### [YOUR GOAL]
Starting at the line with "2020-05-28_przekazadnie_laptopow - zdjęcie", copy each line through the last one below exactly as written, without any pictures.

### [PROVIDED DATA]
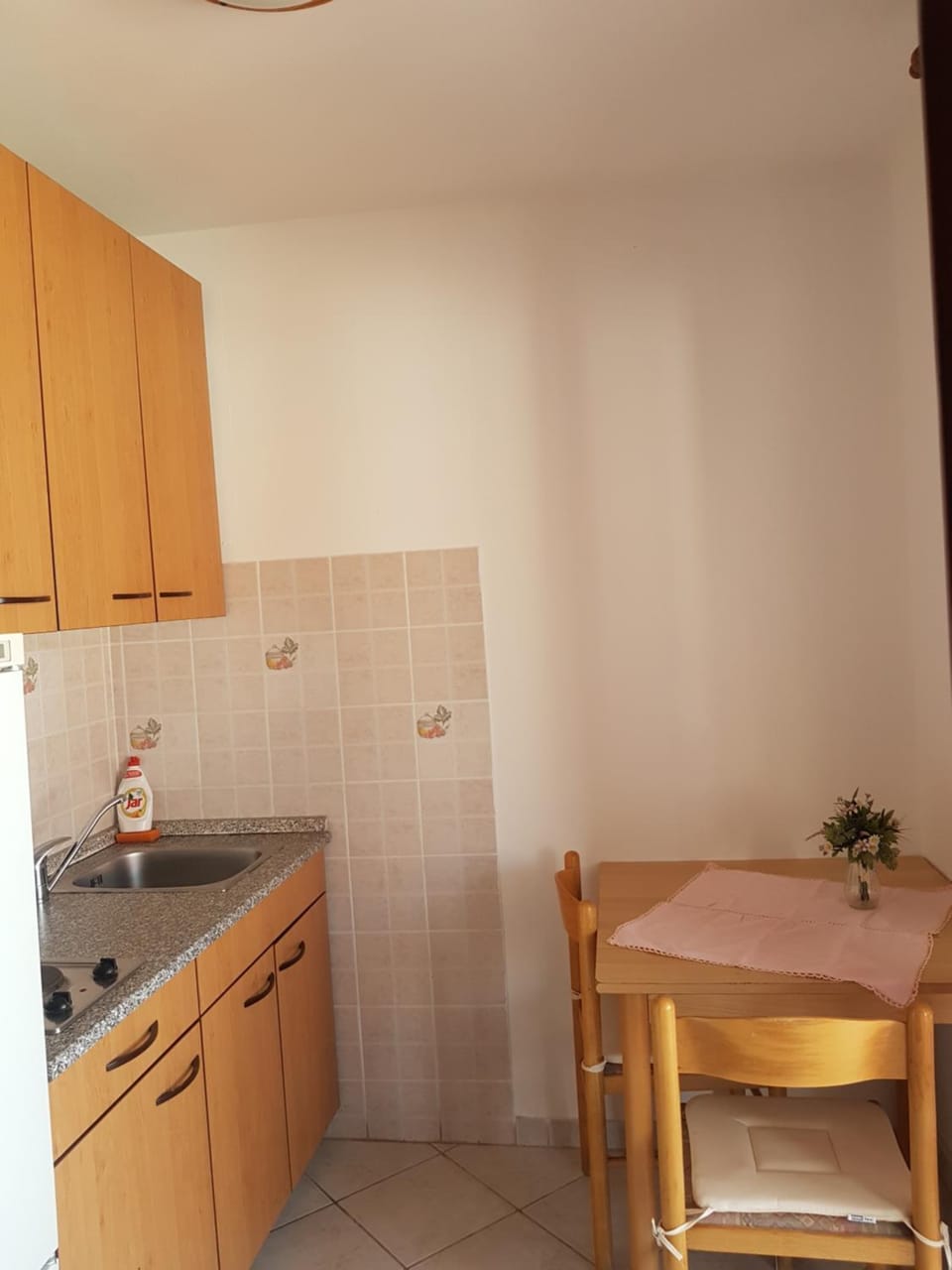 Apartments Denis Apartment in Zadar County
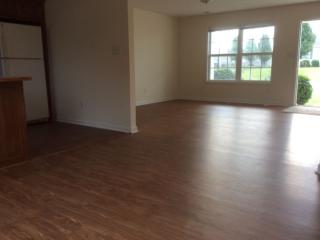 721 Constellation Dr, Bowling Green KY  42101-5290 exterior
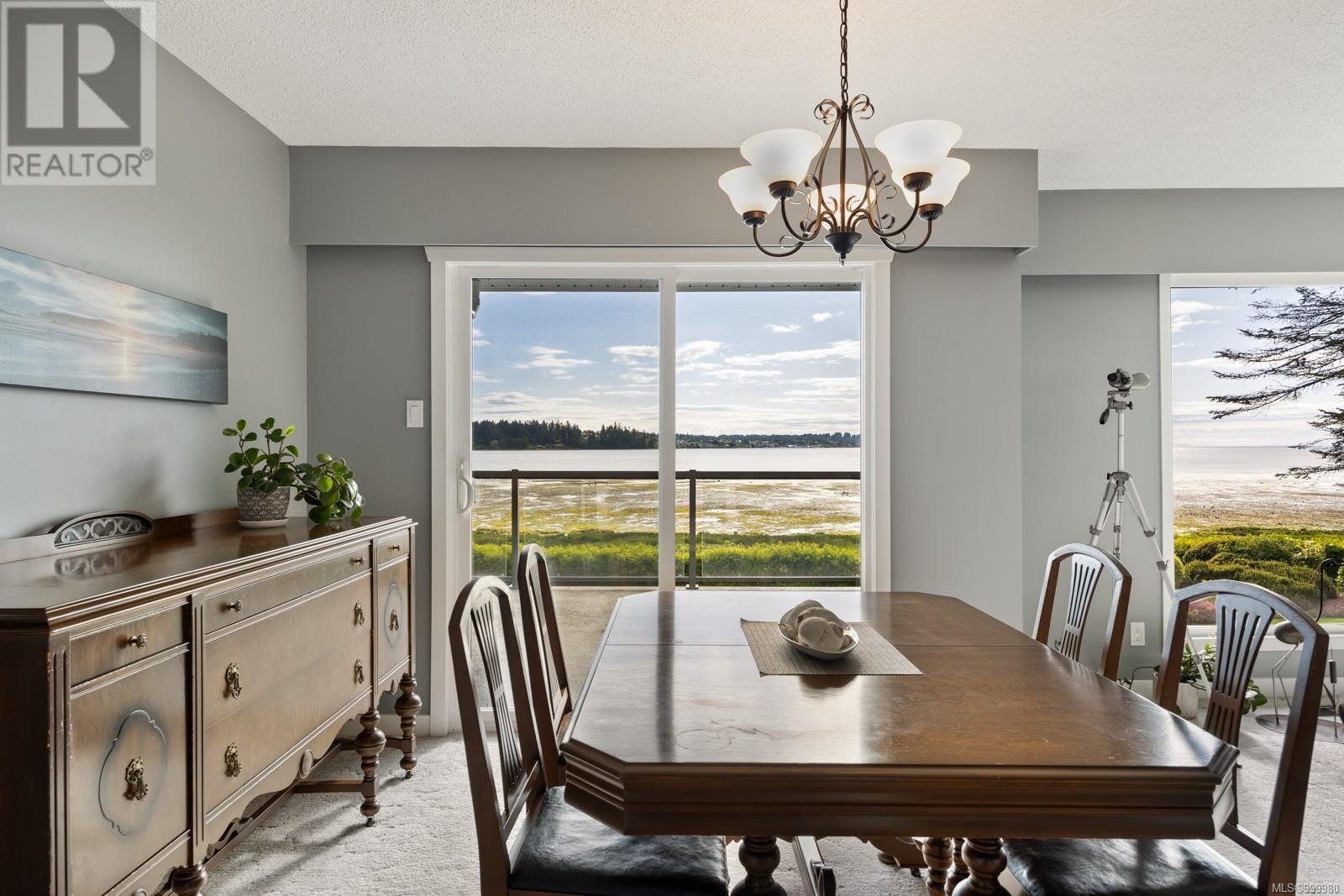 3440 Sandpiper Dr, Courtenay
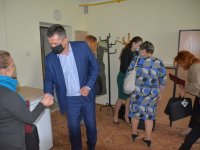 2020-05-28_przekazadnie_laptopow - zdjęcie nr 7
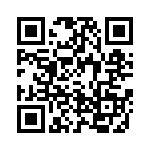 4-641219-5 QRCode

### [RESPONSE BOX]
 2020-05-28_przekazadnie_laptopow - zdjęcie nr 7
 4-641219-5 QRCode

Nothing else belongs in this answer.